6

I have a dictionary whose keys come in sets that share the same prefix, like this:

d = { "key1":"valA", "key123":"valB", "key1XY":"valC",
      "key2":"valD", "key2-22":"valE" }

Given a query string, I need to look up all the values associated with keys that start with that prefix, e.g. for query="key1" I need to get ["valA", "valB", "valC"]

My implementation below works but is too slow for a large number of queries since the dictionary d has about 30,000 keys and most of the keys are more than 20 characters long:

result = [d[s] for s in d.keys() if s.startswith(query)]

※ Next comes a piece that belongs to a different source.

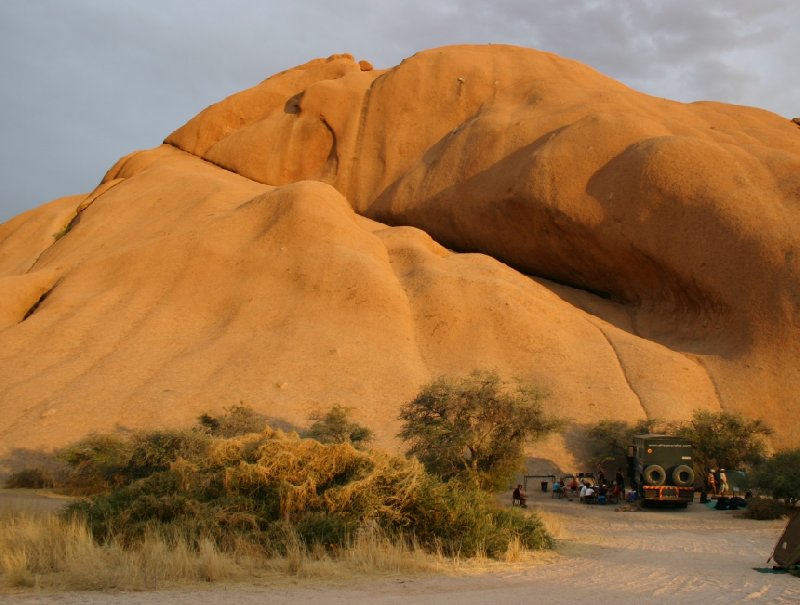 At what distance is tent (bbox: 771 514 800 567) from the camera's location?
1090 centimetres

Is there a faster/more efficient way to implement this?

enrico.bacis
  • 30,497
  • 10
  • 86
  • 115
I Z
  • 5,719
  • 19
  • 53
  • 100
  • I don't think so - keys are hashed, which means that keys of `key1` and `key12` may have totally different representations in the lookup table. – TigerhawkT3 Aug 05 '15 at 19:35
  • @PadraicCunningham Unless it's `Python3` then `keys` actually returns an iterator if I'm not wrong.. just like `Python2`'s `ikeys` – DeepSpace Aug 05 '15 at 19:43
  • If you want efficiency then go for a database engine (Mysql for example) these are designed to retrieve data as efficiently as possible. – kasper Taeymans Aug 05 '15 at 19:46
  • let us know what approach is faster in your case -- you can [post your own answer with the comparison](http://stackoverflow.com/help/self-answer) – jfs Aug 06 '15 at 04:15

3 Answers3

9

You can avoid producing the intermediate list generated by dict.keys() (in python 2.x):

result = [d[key] for key in d if key.startswith(query)]

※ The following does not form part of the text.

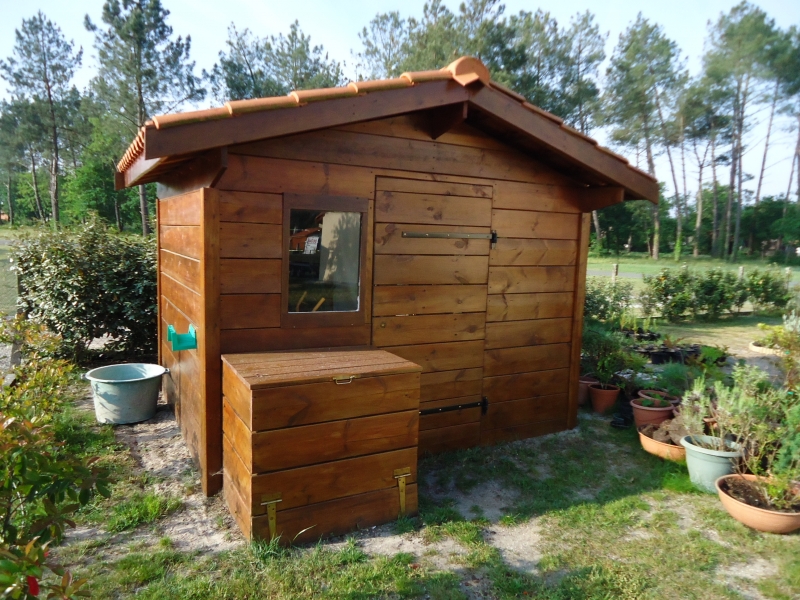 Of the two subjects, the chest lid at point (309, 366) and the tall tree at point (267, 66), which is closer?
the chest lid at point (309, 366)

But you most likely want to use a trie instead of a dictionary, so you can find all the values associated with a key with a common prefix (a trie is similar to a tree based on prefixes).

Here you can find some different implementation of tries.

A trie for keys "A", "to", "tea", "ted", "ten", "i", "in", and "inn".

A trie for keys "A", "to", "tea", "ted", "ten", "i", "in", and "inn". (source wikipedia)


Let's compare the timings for the different solutions:

# create a dictionary with 30k entries
d = {str(x):str(x) for x in xrange(1, 30001)}
query = '108'

# dict with keys()
%timeit [d[s] for s in d.keys() if s.startswith(query)]

    100 loops, best of 3: 8.87 ms per loop

# dict without keys()
%timeit [d[s] for s in d if s.startswith(query)]

    100 loops, best of 3: 7.83 ms per loop

# 11.72% improvement

# PyTrie (https://pypi.python.org/pypi/PyTrie/0.2)
import pytrie
pt = pytrie.Trie(d)

%timeit [pt[s] for s in pt.iterkeys(query)]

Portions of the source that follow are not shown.